● Aim of the exercise: Write each line out exactly, from the one containing "Kislány kalapban - Ismeretlen festő" through the final line of the data, and keep pictures out of the copy.

● Collected material:
^^^^^^^^^^^^^^^^
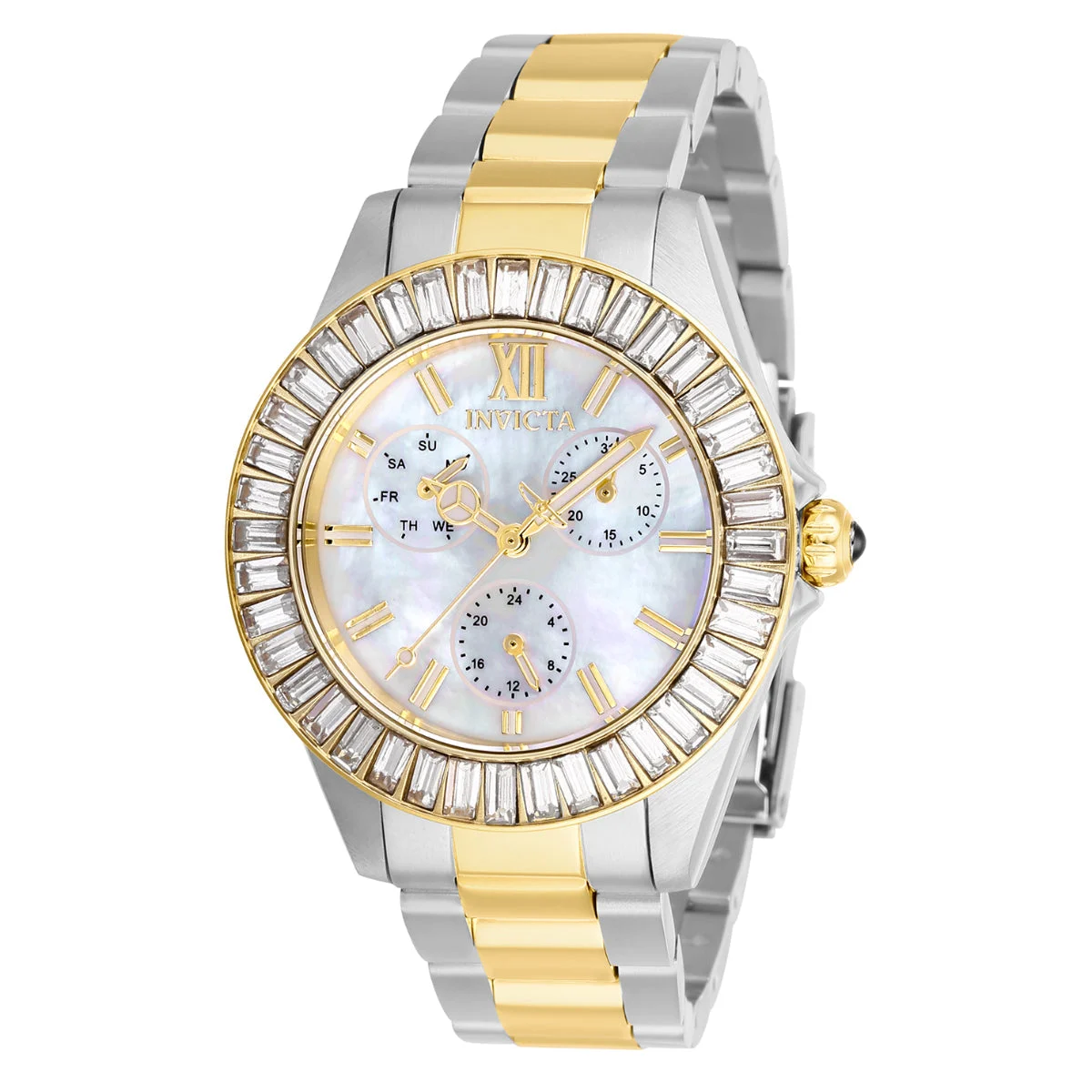 Invicta Angel Nacressa Watch w/ Mother of Pearl Dial - 38mm, Steel, Gold (28451) 38 mm kol saati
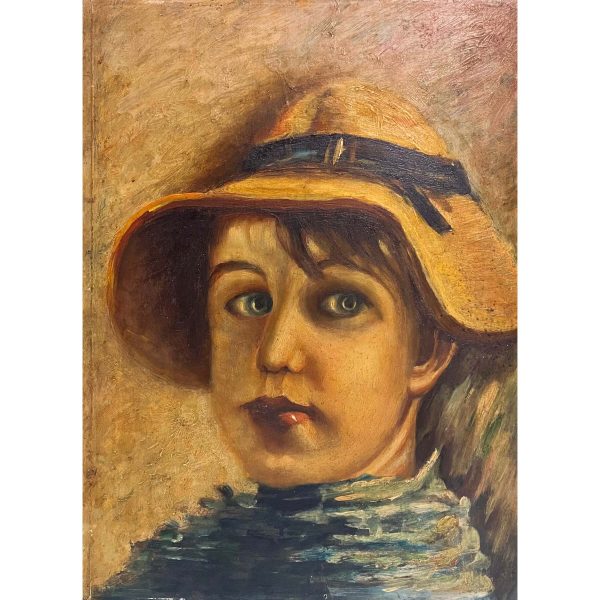 Kislány kalapban - Ismeretlen festő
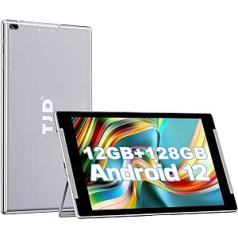 Android 12 planšetdators 10,1 collas, 12 GB RAM, 128 GB ROM (512 GB paplašināma atmiņa), IPS Full FHD skārienekrāns, 8 MP + 2 MP kameras, Wi-Fi, Bluetooth, 6000 mAh, Google GMS, 2 skaļruņi (sudraba krāsā)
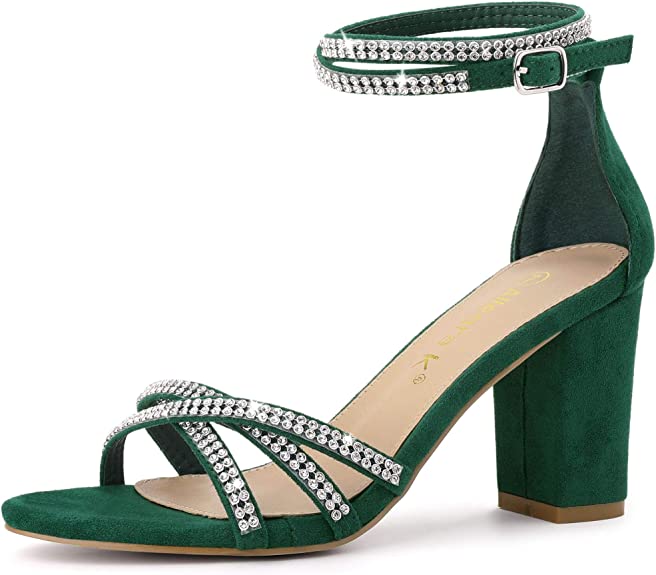 Photo 1 of Allegra K Women's Rhinestones Strappy Chunky Heel Sandals, Green, 8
^^^^^^^^^^^^^^^^
● Response to the exercise:
 Kislány kalapban - Ismeretlen festő
 Android 12 planšetdators 10,1 collas, 12 GB RAM, 128 GB ROM (512 GB paplašināma atmiņa), IPS Full FHD skārienekrāns, 8 MP + 2 MP kameras, Wi-Fi, Bluetooth, 6000 mAh, Google GMS, 2 skaļruņi (sudraba krāsā)
 Photo 1 of Allegra K Women's Rhinestones Strappy Chunky Heel Sandals, Green, 8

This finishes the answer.